Suppose an NFA which accepts language of the form L(N) = {w| w has 1 in n$^t$$^h$ from last symbol.} Then the corresponding DFA would have 2$^n$ states(worst case of subset construction). If we are to prove that equivalent DFA has 2$^n$ states, then we take 2 string as a$_1$a$_2$a$_3$.....a$_n$ and b$_1$b$_2$b$_3$....b$_n$ and consider two cases:
1) a$_i$ $\neq$ b$_1$, i=1. this case is clear to me....
2) a$_i$ $\neq$ b$_i$ , i>1. I am having trouble in understanding this case. If both a$_i$ and b$_i$ has same value for n$^t$$^h$ symbol from last, then automaton would be in accepted state after reading a$_n$ and b$_n$. So why do we need to remember every possible string sequence for this case.
Thanx!
The difficulty is that you don't know until you get to the end which symbol is the $n$-th from last. To understand what is going on, you need to think about how the automaton should process strings of more than $n$ symbols, rather than of exactly $n$ symbols as you seem to be doing.
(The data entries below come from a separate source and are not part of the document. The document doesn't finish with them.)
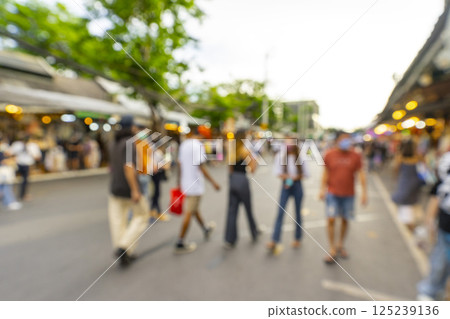 Bangkok, Thailand - Jun 4, 2022 : Crowd of tourist shopping in Chatuchak or Jatujak weekend market in Bangkok, Thailand. This place is a famous and popular travel destination among tourist. 125239136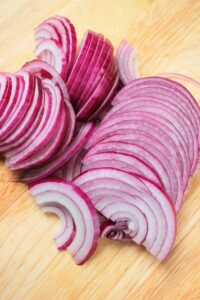 SLlced red onion on a cutting board.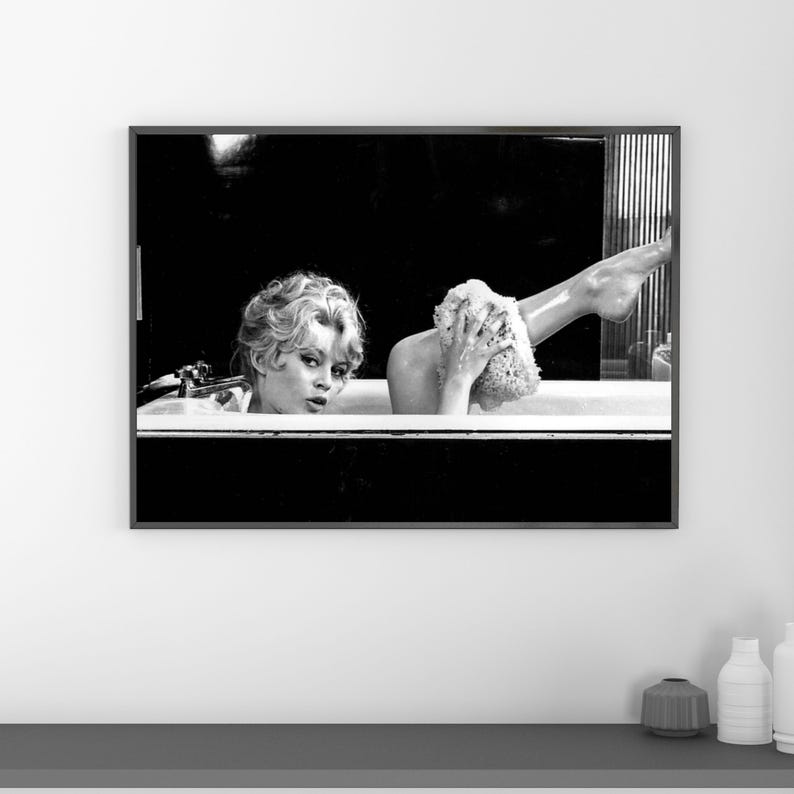 Puede incluir: Impresi&oacute;n enmarcada en blanco y negro de una mujer en una ba&ntilde;era. La mujer se lava la pierna con una esponja. La imagen es una fotograf&iacute;a vintage.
As a hint to hopefully help you come up with a formal proof: Think about what information you need to remember as you are processing a string. You need to remember every $1$ you see, and how far 'back' in the string you saw it, in case it turns out to have been in the $n$th-from-last position. Except you can forget any information from before the most recent $n$ characters of the string, since any $1$ read before then can't possibly be the $n$th-from-last symbol.